Today I put a 3rd server up. Tomorrow I will migrate email VM and web server, basically anything that is not at the moment storing data in my storage pools.

Otherwise, everything is going ok. I am having troubles with CARP, that I am addressing here:

CARP on top of LAGG failover interface - is it possible?

Hello everyone, I am wondering if this is supposed to work: ifconfig_bce0="up" ifconfig_bce1="up" # lagg configuration with DHCP, bridge for jails cloned_interfaces="lagg0 bridge0" ifconfig_lagg0="laggproto failover laggport bce0 laggport bce1 DHCP" # end of lagg configuration with DHCP...

forums.freebsd.org

~~edit: Or should I use ucarp, due to the ability of calling scripts? It seems unmaintained, so I got a bit worried.~~

Shiunbird · Jul 11, 2024

HAST is up and the Galera Cluster is also up (but not hosting data for any applications yet).

I have storage to spare and do not want to go around reloading many TBs of data, so here is what I did:

1. Set up a virtual block device on top of my existing pool with 5TB of capacity at /dev/zvol viazfs create -V 5T mycurrentpool/myhast.
2. Initialize hast.
3. Create a pool on /dev/hast/myhast on the primary.
(do tons of tests)
4. Create a snapshot, do a zfs send | receive. It took a day.
(test handover via CARP - the script found in the article recommended by tanis works perfectly)
5. Create another snapshot, do an incremental send/receive. It took 10 minutes.
6. Put nextcloud in maintenance mode.
7. Do a final incremental send/receive.
8. Swap server roles, as I want the server with more storage redundancy to be primary.
9. Export it via NFS.
10. Replace the nullfs mount in my jail with the NFS export via CARP IP.
11. Disable nextcloud maintenance mode.
The nextcloud outage lasted 5 minutes.

Galera was a pain, but here is what worked for me:
1. Spin up 3 jails.
2. Install mariadb-server in all of them.
3. Get rid of all the sample configuration files. They are all separated, and it made me very confused. Mind that not everything here is necessary for galera.
4. On the first server:
/usr/local/etc/mysql/my.cnf

[client-server]
port = 3306
bind-address = whatever-ip-you-need

[mysqld]
user = mysql
basedir = /usr/local
datadir = /var/db/mysql
net_retry_count = 16384
log_error = /var/log/mysql/mysqld.err

!includedir /usr/local/etc/mysql/conf.d/

/usr/local/etc/mysql/galera.cnf

binlog_format=ROW
default-storage-engine=innodb

wsrep_on=ON
wsrep_provider=/usr/local/lib/libgalera_smm.so
wsrep_cluster_address="gcomm://ip1,ip2,ip3
wsrep_sst_method=rsync
wsrep_cluster_name="clustername"
wsrep_node_address="thisnodeip"
wsrep_node_name="localnodename"

But I started the node manually:
sudo -u mysql /usr/local/libexec/mariadb --wsrep-new-cluster --wsrep-cluster-address="gcomm://ip1" &
Then I went about monitoring the logs at /var/log/mysql/mysqld.err.

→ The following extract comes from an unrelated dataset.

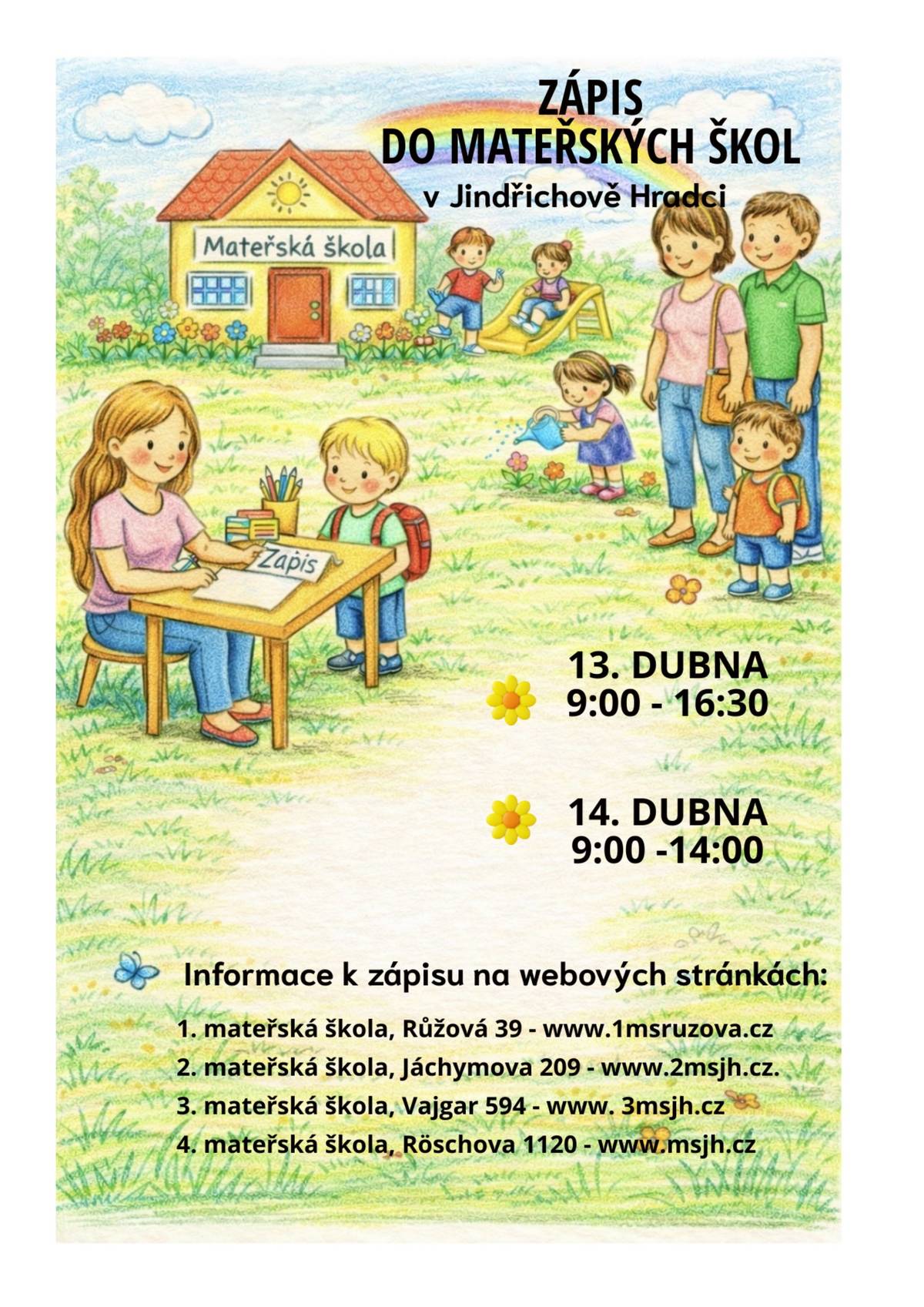 Zápis do jindřichohradeckých mateřských škol se bude konat 13. a 14. dubna 2026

For the second node, I changed wsrep_cluster_address to include ip of node1 and itself, and started the service normally.
For the third node, I added all three nodes and started the service normally.

Then I killed the process on the first node, and then started it normally. All good, survived fine multiple reboots in different orders.

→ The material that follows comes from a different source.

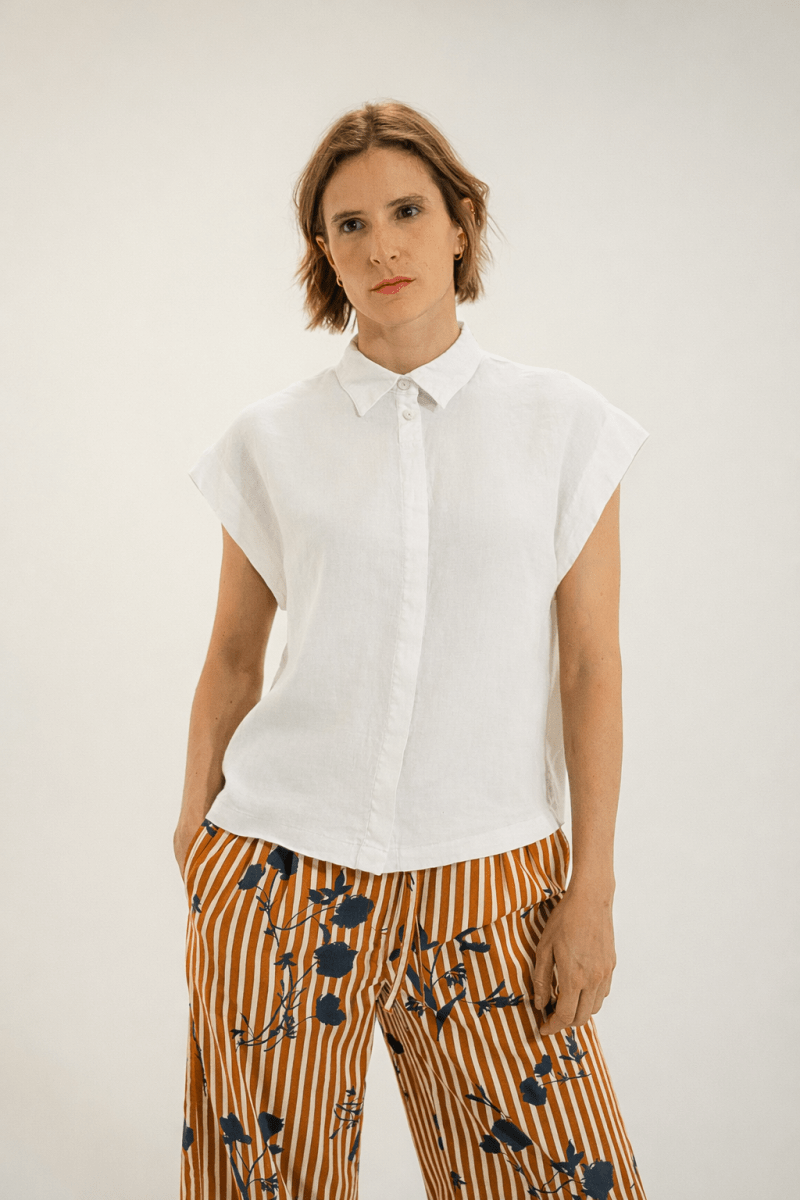 Chemise sans manches en lin CALA. - Mat de Misaine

My next stop will be to spin up 3 nginx jails and put them behind haproxy, but this will be piece of cake, so I will skip documenting it here. This concludes this saga.

Thanks for all the suggestions!

Shiunbird · Jul 11, 2024

PS: Two adjustments I had to do:
In the carp_up scripts, I had to give more time for the ZFS device to appear, so I changed the multiplier from sleep 0.1 to sleep 0.5

I also had to increase the advskew times, as it was causing a quick flap in the LAGG interface, causing the up/down devd trigger to come, then carp_up would fail.